Lalu Natsir menyatakan ,”Kita (orang Islam-Kristen) sama-sama terikat oleh Wajib Dakwah untuk menyebarkan agama sampai ke ujung bumi, namun kita juga wajib menjaga masa depan NKRI (Negara Kesatuan Republik Indonesia), hidup bersama saling rukun dalam kaitan ini dengan perkataan : Dapatkah kita mencapai kiranya Modus Vivendi, cara hidup bersama di dalam negara (NKRI) yang bersifat multi rejius ini tanpa mengkhianati keyakinan masing-masing?” Ungkapan pertanyaan ini dijawab Natsir sendiri,”Saya katakan bahwa saya sendiri sebagai Muslim mempunyai rasa optimis dalam menjawab pertanyaan ini. Sebab apa ? Dalam menjalankan Wajib Dakwah itu kami orang Islam mempunyai code etick sebagai pedoman. Antara lain code ethic itu ditegaskan bahwa keyakinan agama tidak boleh dan tidak bisa dipaksakan. Tidak ada paksaan dalam keyakinan agama. Dakwah harus dilakukan dengan bijaksana (hikmah), dengan pendidikan yang baik-baik (maudzah hasanah), dan dengan bertukar pikiran dengnan cara terbaik (mujadalah billati hiya ahsan). Dan berdasarkan code ethic itu kami orang Islam tidak menganggap umat Masehi sebagai orang-orang Heiden atau orang Anemis yang masih belum beragama. Bagi kami umat Masehi adalah apa yang disebut sebagai Ahli Kitab yang mempunyai kedudukan yang khusus dalam penilaian kami..” katanya seraya Natsir mensir perintah Quran bagaimana seorang Muslim bersikap kepada Ahli Kitab: “Aku perintahkan supaya berlaku adil terhadapmu, Allah adalah Tuhan kami dan Tuhan mu jua, bagi kami amalan kami, bagi-mu (pulalah) amalan-mu.Tak ada (alasan untuk) bersengketa antara kita, Allah jua akan menghimpun kita (semua) dan kepada-Nyalah kita akan (sama-sama) kembali. (Al-Quran).
***
Demikianlah ajakan Natsir dalam Musyawarah Antar Ummat Beragama pada 1967 itu tapi justru “dilawan” oleh sikap pihak Nasrani untuk tetap bertekad menyebarkan agamanya kepada siapa saja. Ini yang menjadi dalih pemerintah pada 1969 mengeluarkan SKB Tiga Menteri (yang dilanjutkan dengan PMB sampai hari ini) untuk mengatur kegiatan penyiaran agama yang berpotensi gesekan Islam-Kristen.
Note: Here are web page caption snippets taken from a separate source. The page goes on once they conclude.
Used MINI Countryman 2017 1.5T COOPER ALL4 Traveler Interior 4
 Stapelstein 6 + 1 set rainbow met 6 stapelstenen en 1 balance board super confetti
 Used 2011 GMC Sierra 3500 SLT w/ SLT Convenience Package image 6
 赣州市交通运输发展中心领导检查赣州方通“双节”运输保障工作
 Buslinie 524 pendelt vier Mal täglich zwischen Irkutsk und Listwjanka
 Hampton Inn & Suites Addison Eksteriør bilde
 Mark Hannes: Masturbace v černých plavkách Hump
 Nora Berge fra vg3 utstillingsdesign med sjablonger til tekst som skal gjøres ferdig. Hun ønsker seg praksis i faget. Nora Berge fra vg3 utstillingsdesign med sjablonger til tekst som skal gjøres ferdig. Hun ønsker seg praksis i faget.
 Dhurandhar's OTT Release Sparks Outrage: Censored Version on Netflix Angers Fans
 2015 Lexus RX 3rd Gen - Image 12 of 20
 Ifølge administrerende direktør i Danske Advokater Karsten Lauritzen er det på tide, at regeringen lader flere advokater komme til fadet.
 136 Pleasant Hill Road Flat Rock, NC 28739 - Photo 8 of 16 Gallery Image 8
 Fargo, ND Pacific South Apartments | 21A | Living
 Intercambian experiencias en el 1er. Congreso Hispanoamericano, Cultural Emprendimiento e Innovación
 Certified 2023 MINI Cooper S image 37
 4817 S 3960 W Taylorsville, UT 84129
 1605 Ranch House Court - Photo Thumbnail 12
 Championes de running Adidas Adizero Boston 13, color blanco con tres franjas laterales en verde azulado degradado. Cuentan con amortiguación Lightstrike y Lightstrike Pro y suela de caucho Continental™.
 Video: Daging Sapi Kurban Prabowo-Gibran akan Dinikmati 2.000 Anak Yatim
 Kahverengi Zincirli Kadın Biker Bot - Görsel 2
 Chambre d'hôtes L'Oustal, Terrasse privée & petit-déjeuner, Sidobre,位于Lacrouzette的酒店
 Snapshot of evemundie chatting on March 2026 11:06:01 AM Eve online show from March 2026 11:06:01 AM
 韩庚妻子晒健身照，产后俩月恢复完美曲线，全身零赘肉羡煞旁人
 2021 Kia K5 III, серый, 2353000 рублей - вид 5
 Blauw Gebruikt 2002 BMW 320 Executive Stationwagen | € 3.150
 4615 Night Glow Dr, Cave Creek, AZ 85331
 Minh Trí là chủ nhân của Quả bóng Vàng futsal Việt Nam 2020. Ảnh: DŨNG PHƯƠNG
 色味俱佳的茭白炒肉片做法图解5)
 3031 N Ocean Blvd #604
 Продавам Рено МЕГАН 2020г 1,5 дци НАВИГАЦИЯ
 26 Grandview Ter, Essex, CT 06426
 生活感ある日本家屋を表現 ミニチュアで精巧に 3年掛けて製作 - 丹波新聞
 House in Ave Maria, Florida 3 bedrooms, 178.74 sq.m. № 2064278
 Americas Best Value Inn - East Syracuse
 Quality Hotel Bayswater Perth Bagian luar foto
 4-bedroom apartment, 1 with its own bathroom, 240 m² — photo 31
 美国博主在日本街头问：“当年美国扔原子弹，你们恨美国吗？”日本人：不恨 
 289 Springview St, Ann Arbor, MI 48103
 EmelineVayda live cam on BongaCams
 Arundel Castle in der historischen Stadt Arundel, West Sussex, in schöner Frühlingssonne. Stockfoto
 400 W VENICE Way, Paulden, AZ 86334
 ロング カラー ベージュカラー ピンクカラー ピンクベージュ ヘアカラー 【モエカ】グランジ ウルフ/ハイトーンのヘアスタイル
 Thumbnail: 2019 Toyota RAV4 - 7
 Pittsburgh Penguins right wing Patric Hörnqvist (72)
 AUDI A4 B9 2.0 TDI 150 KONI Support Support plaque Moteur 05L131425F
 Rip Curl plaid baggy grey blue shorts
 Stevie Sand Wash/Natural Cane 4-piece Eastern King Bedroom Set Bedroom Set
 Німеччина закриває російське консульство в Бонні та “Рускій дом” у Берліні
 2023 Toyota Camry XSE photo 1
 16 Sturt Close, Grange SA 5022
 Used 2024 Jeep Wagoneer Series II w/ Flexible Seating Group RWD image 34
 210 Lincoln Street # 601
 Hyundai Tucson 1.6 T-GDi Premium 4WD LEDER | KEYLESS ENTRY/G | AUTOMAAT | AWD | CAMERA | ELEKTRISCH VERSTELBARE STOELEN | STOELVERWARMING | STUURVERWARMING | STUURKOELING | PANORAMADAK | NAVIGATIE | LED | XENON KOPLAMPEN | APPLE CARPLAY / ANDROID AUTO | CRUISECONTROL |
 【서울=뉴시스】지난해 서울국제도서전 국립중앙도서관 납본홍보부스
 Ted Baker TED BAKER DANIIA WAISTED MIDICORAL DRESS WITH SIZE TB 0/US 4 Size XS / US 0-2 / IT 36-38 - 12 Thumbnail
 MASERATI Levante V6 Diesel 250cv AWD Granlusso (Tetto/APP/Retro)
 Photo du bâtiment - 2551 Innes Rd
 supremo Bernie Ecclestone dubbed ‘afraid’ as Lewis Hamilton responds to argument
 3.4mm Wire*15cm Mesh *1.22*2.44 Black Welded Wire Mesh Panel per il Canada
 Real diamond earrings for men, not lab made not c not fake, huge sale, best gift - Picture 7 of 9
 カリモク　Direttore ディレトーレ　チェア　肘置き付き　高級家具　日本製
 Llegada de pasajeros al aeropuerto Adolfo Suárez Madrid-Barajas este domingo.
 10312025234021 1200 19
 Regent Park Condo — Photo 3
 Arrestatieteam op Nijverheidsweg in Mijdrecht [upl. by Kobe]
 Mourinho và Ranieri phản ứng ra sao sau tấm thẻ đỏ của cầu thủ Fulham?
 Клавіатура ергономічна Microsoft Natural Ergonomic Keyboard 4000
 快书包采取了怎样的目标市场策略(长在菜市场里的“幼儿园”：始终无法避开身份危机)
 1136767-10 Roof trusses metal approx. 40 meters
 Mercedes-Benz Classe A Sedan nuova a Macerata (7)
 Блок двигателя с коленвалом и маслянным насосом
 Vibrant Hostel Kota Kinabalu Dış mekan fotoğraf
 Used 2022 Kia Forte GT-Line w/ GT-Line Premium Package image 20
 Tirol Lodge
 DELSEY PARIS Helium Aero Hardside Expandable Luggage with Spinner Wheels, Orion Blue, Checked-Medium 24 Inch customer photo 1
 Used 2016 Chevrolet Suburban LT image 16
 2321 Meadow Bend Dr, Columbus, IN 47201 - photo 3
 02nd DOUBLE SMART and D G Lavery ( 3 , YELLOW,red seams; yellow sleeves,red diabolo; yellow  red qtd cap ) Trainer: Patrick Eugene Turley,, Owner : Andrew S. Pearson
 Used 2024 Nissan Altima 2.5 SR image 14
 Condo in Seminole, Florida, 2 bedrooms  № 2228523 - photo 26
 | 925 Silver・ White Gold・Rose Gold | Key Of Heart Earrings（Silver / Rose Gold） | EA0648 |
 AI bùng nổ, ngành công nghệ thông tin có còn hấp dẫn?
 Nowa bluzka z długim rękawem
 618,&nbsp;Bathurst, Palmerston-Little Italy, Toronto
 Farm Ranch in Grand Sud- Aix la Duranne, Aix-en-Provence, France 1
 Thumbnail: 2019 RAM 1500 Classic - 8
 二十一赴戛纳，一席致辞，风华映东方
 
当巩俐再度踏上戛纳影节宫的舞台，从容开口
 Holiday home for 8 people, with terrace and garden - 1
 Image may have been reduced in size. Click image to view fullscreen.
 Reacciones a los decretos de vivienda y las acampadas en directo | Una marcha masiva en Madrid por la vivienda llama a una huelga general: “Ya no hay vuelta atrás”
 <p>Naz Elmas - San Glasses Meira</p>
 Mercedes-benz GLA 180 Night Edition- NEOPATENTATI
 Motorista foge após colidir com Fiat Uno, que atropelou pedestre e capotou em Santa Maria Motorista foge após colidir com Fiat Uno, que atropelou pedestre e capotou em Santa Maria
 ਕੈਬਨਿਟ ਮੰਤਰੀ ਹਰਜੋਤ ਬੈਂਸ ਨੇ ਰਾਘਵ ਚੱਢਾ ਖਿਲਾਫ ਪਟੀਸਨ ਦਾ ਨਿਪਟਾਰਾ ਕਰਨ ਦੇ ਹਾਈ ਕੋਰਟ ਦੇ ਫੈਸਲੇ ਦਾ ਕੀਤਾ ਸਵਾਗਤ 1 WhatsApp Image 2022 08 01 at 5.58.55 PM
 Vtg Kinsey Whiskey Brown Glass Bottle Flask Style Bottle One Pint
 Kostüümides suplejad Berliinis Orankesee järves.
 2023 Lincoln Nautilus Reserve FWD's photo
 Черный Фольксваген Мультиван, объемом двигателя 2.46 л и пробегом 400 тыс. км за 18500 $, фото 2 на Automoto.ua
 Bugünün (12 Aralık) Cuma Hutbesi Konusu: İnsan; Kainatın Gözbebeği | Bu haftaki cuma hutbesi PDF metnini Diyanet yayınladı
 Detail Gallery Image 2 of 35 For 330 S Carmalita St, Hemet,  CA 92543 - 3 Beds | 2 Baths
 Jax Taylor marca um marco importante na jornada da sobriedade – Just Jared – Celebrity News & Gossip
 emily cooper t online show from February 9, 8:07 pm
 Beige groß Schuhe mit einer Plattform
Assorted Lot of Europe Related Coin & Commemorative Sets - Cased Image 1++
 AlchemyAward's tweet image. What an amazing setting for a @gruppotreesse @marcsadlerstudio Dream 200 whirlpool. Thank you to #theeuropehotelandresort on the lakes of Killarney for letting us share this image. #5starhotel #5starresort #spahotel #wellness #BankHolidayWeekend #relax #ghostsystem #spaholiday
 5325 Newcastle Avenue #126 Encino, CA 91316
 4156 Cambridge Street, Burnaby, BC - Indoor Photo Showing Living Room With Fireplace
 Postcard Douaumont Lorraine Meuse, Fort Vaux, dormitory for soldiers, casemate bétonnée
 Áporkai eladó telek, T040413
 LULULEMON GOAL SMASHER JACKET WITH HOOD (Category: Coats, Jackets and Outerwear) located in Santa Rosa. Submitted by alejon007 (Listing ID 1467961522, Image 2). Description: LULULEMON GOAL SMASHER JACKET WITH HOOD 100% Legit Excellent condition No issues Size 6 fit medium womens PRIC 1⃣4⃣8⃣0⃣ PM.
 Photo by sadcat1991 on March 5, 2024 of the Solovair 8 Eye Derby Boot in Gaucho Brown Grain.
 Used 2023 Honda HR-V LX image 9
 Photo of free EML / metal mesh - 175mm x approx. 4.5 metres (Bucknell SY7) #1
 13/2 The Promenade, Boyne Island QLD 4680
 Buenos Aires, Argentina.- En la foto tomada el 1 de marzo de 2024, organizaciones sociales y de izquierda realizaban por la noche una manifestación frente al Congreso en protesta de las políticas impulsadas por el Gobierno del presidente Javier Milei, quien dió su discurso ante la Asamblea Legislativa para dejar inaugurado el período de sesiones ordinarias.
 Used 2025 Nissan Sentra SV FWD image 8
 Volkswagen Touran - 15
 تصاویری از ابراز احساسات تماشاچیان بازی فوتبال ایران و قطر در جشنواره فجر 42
Dalam SKB itu juga diatur rinci perihal ijin mendirikan rumah ibadah. Telah menjadi fakta orang Kristen terus melakukan Kristenisasi di Indonesia dengan dalih Diakonia (Pelayanan Masyarakat), dan hal ini menjadi keprihatinan M.Natsir berkepanjangan. Itulah pasalnya ketika Paus Yohanes Paulus II berkunjung ke Indonesia pada akhir 1989, M.Natsir dan sejumlah tokoh Islam antara lain : KH.Masykur (mantan Menteri Agama RI), Prof. Dr.HM Rasyidi (mantan Menteri Agama RI), KH.Rusli Abd.Wahid (mantan Menteri Negara RI), melayangkan surat kepada Paus dan copy suratnya dibukukan dan diedarkan luas ke tengah masyarakat.. Dalam suratnya kepada Paus Natsir dkk, mengingatkan adanya Kristenisasi dengan dalih Diakonia di Indonesia. Natsir juga mengutip hasil Konferensi Chambesy Juni 1976, di mana pemimpin Islam, Katolik dan Protestan sepakat mengutuk cara penggunaan Diakonia, khususnya untuk penyebaran agama.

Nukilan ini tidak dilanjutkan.